Reproduce the lines of the material exactly, excluding every image.
*** THE DATA Section Begins ***
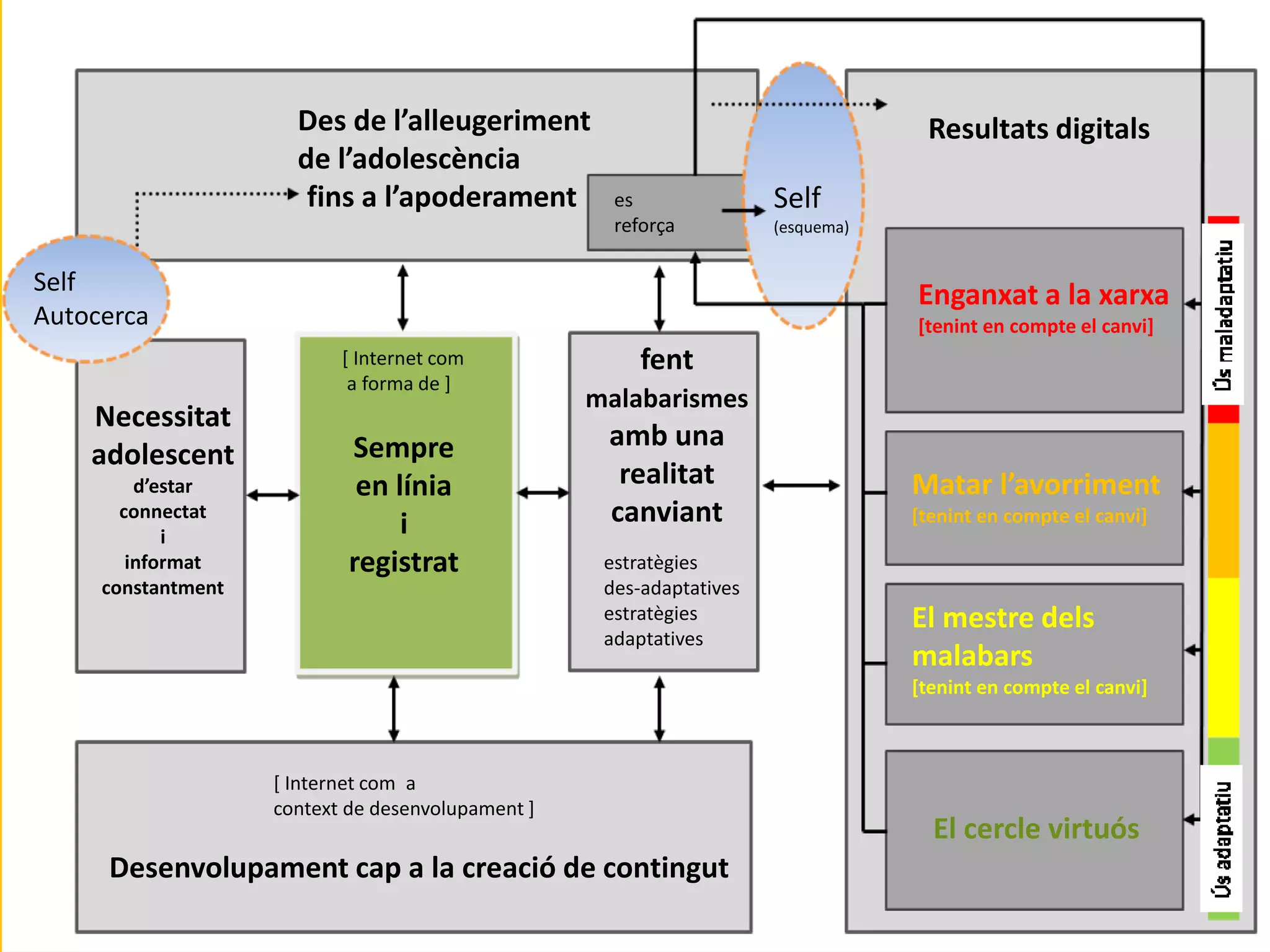 Des de l’alleugeriment
de l’adolescència
fins a l’apoderament es
reforça
Resultats digitals
Enganxat a la xarxa
[tenint en compte el canvi]
Matar l’avorriment
[tenint en compte el canvi]
El mestre dels
malabars
[tenint en compte el canvi]
El cercle virtuós
[ Internet com
a forma de ]
estratègies
des-adaptatives
estratègies
adaptatives
[ Internet com a
context de desenvolupament ]
Necessitat
adolescent
d’estar
connectat
i
informat
constantment
Desenvolupament cap a la creació de contingut
Sempre
en línia
i
registrat
fent
malabarismes
amb una
realitat
canviant
Self
(esquema)
Self
Autocerca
*** THE DATA Section Ends ***
» **TASK ANSWER**
 Des de l’alleugeriment
de l’adolescència
fins a l’apoderament es
reforça
Resultats digitals
Enganxat a la xarxa
[tenint en compte el canvi]
Matar l’avorriment
[tenint en compte el canvi]
El mestre dels
malabars
[tenint en compte el canvi]
El cercle virtuós
[ Internet com
a forma de ]
estratègies
des-adaptatives
estratègies
adaptatives
[ Internet com a
context de desenvolupament ]
Necessitat
adolescent
d’estar
connectat
i
informat
constantment
Desenvolupament cap a la creació de contingut
Sempre
en línia
i
registrat
fent
malabarismes
amb una
realitat
canviant
Self
(esquema)
Self
Autocerca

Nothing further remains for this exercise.